Two officials from the US Treasury Department will visit Europe next week to engage in discussions about enforcing the price cap on Russian oil, Reuters reports.
Elizabeth Rosenberg, Assistant Secretary for Terrorist Financing and Financial Crimes, and Eric Van Nostrand, Assistant Secretary for Economic Policy, are scheduled to be in Brussels on 18 December and in London from December 19-20.
According to Reuters, a source familiar with the trip stated, “They will be discussing the full range of policy options related to the price cap, including recent steps taken by both the US, the EU, and other Coalition members.”
This visit follows the European Union’s agreement on a 12th package of sanctions against Russia on 14 December, which included stricter requirements for companies claiming adherence to the Group of Seven’s price cap on Russian oil.
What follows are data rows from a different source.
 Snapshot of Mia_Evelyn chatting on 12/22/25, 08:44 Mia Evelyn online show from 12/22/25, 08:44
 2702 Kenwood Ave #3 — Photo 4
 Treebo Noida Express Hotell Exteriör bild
In December 2022, the West set a $60 price cap on seaborne exports of Russian oil as part of sanctions aimed at punishing Moscow for its war on Ukraine. This mechanism prohibits Western companies from providing maritime services, such as financing, insurance, and shipping, for oil sold above the cap.
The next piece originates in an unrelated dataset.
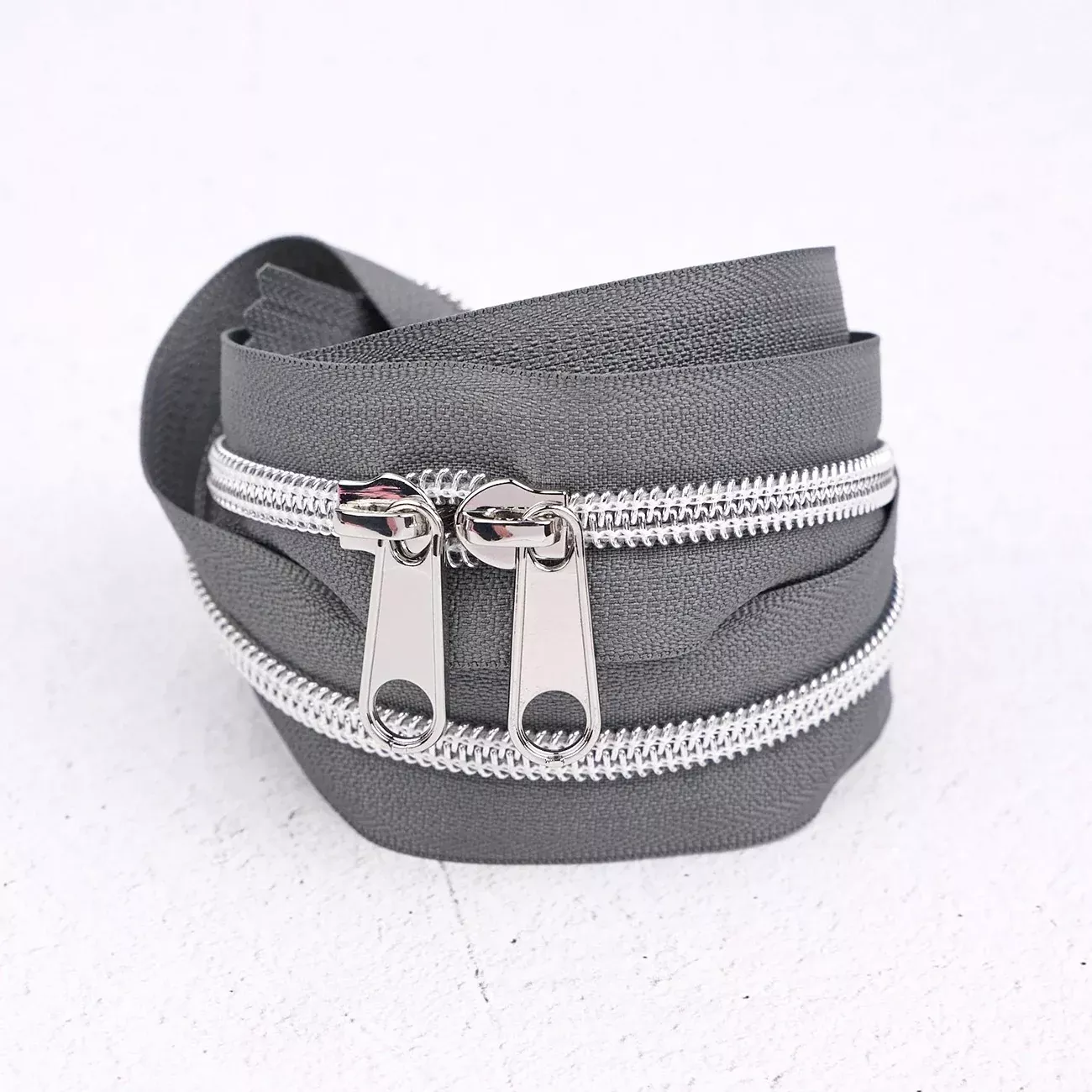 4 Yard Handbag Zipper Moonstone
The cap has compelled Russia to redirect its oil sales to distant countries like China and India and invest in an aging “ghost fleet” of tankers. The US Treasury cited analyst Jeffrey Sonnenfeld’s calculation that these export costs outside the cap amount to $36 per barrel, thereby reducing Russia’s ability to fund its military efforts in Ukraine. Despite this, Russia has managed to mitigate some of the sanctions’ impact due to rising oil prices this year.
Earlier, Bloomberg reported that despite the imposition of Western sanctions, Russia’s monthly income from oil exports is now higher than it was before its invasion of Ukraine in February 2022. Russia’s net oil revenues of $11.3 billion in October accounted for 31% of the nation’s overall net budget revenue for the month – the highest level since May 2022. October’s oil profits also exceeded any single month in the year prior to the invasion, which initially caused major volatility in Russia’s exports.
On 1 December, the US Treasury Department’s Office of Foreign Assets Control implemented new sanctions against three companies from various countries and three vessels engaged in operations to sell Russian oil above the established price caps.